[Start of Attachment]
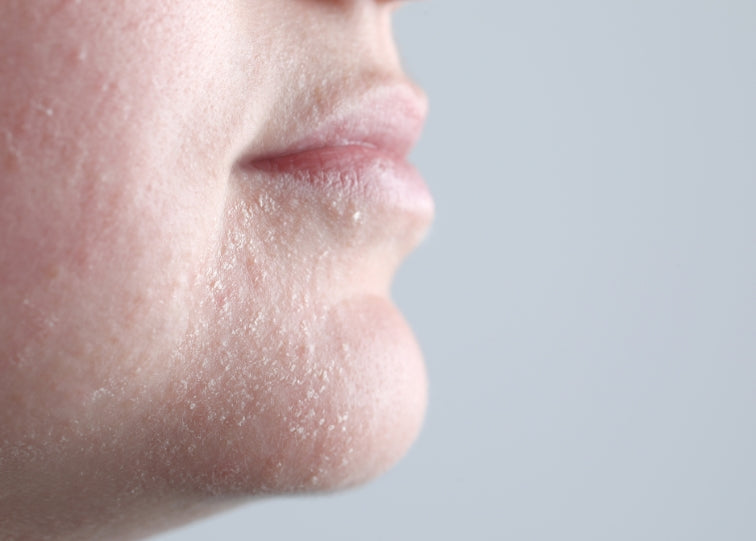 Why Dry Skin Can Make You Appear Older (and How to Fix It)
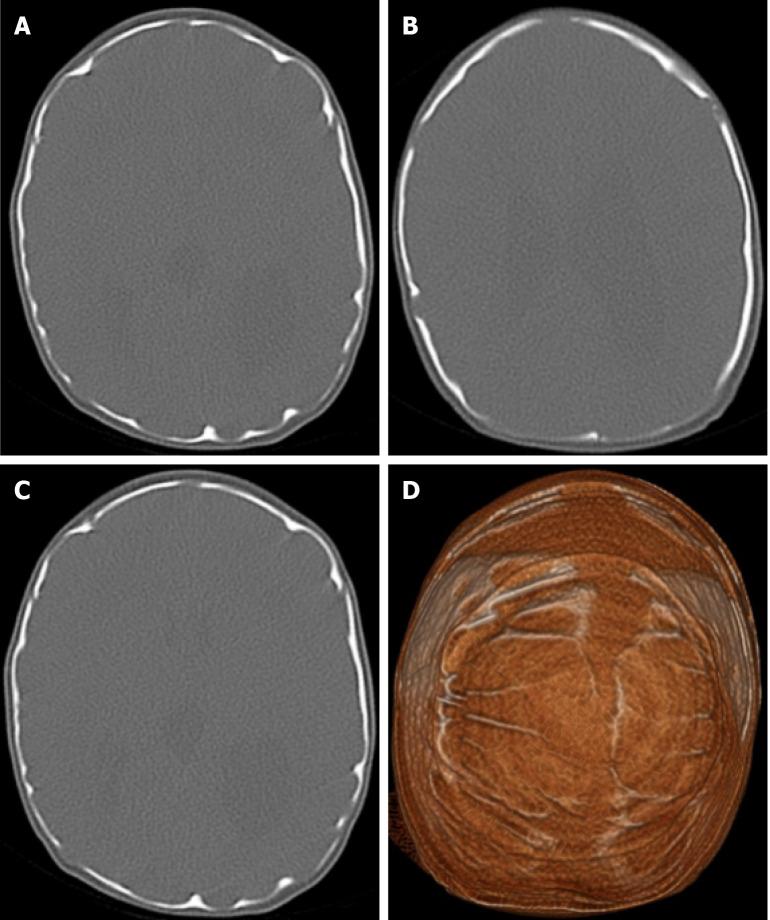 https://cdn.ncbi.nlm.nih.gov/pmc/blobs/a405/12210201/f35274d46ebd/wjr-17-6-107776-g005.jpg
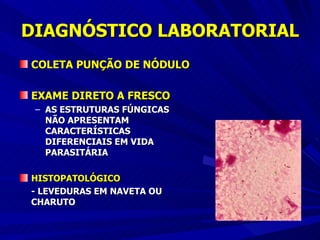 DIAGNÓSTICO LABORATORIAL COLETA PUNÇÃO DE NÓDULO EXAME DIRETO A FRESCO AS ESTRUTURAS FÚNGICAS NÃO APRESENTAM CARACTERÍSTICAS DIFERENCIAIS EM VIDA PARASITÁRIA HISTOPATOLÓGICO - LEVEDURAS EM NAVETA OU CHARUTO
[End of Attachment]
- ASSIGNED TASK
From the first line to the last, set down the data exactly, without the pictures.

- ANSWER SPACE
 Why Dry Skin Can Make You Appear Older (and How to Fix It)
 https://cdn.ncbi.nlm.nih.gov/pmc/blobs/a405/12210201/f35274d46ebd/wjr-17-6-107776-g005.jpg
 DIAGNÓSTICO LABORATORIAL COLETA PUNÇÃO DE NÓDULO EXAME DIRETO A FRESCO AS ESTRUTURAS FÚNGICAS NÃO APRESENTAM CARACTERÍSTICAS DIFERENCIAIS EM VIDA PARASITÁRIA HISTOPATOLÓGICO - LEVEDURAS EM NAVETA OU CHARUTO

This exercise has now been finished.